O sargento Carlos Aurélio Thomaz Nogueira, de 42 anos, o cabo Levi Cosme da Silva Júnior, de 34, e o soldado Marcos Aparecido da Silva, de 37, foram acusados de atirar contra Minhano no acostamento da Ayrton Senna, perto do Parque Ecológico do Tietê, quando levavam o suspeito para ser socorrido, após o suposto tiroteio.

Testemunha – O relato da execução foi feito por uma testemunha, em tempo real, ao 190. Foram encontradas marcas de sangue onde ela dissera ter ocorrido o crime. Câmeras da concessionária da rodovia mostraram a viatura parada no local indicado.

No julgamento desta terça-feira no Fórum Mário Magalhães, os jurados absolveram por unanimidade os acusados. Segundo o advogado de defesa, Celso Machado Vendramini, a testemunha entrou em contradição – teria dito que eram quatro PMs na viatura e estava a 25 metros do local, quando a perícia apontou 68 metros de distância. “Acho que ela imaginou uma cena e narrou isso à polícia.”
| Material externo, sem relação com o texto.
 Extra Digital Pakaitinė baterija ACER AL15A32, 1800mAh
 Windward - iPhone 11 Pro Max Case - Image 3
Sobre o motivo da parada durante o socorro, o advogado manteve a versão dos acusados, que não convenceu nem a Corregedoria da PM nem a Polícia Civil. “Eles pararam ali porque um dos policiais teve cãibra na perna. Ele já tinha um histórico de problemas musculares, foi até afastado de cursos da PM. Sustentei isso e os jurados aceitaram”, disse Vendramini.
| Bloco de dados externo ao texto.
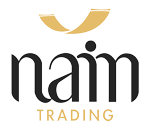 Nain Trading Logo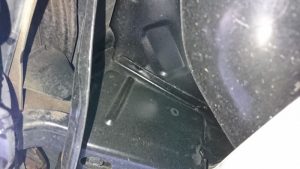 1986 Toyota Sprinter BLACK LTD 73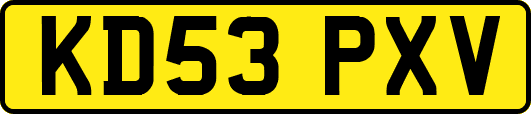 KD53PXV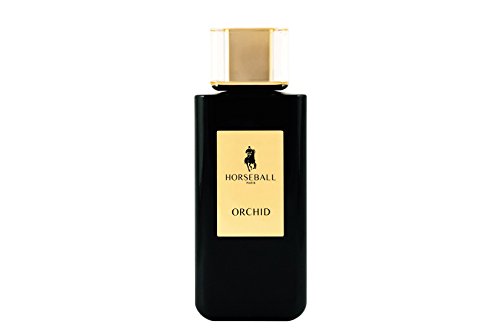 Horseball Orchid version - Agua de perfume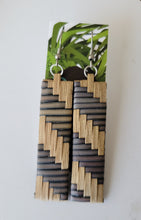 Load image into Gallery viewer, Mini Kai Dangle Earrings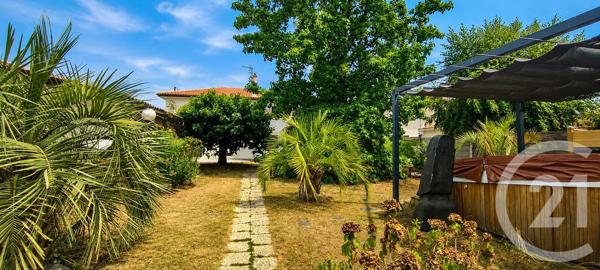 Maison à vendre  8 pièces - 204 m 2   CAMBLANES ET MEYNAC  - 33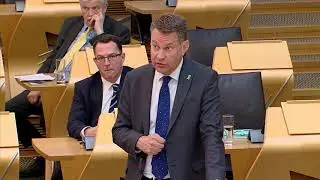 Debate: Transaction Tax (Relief from Additional Amount) (Scotland) Bill - 17 May 2018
A matança no suposto tiroteio aconteceu depois que uma denúncia anônima apontou que, no lava-rápido, lideranças da facção planejavam o resgate de um preso no Centro de Detenção Provisória do Belém. Nenhum policial ficou ferido.

O promotor de Justiça responsável pelo caso, Estefano Kvastk Kummer, não quis comentar a decisão dos jurados. O Ministério Público informou que ele recorreu da decisão. Segundo a PM, os policiais serão integrados às tarefas administrativas até a conclusão do procedimento interno.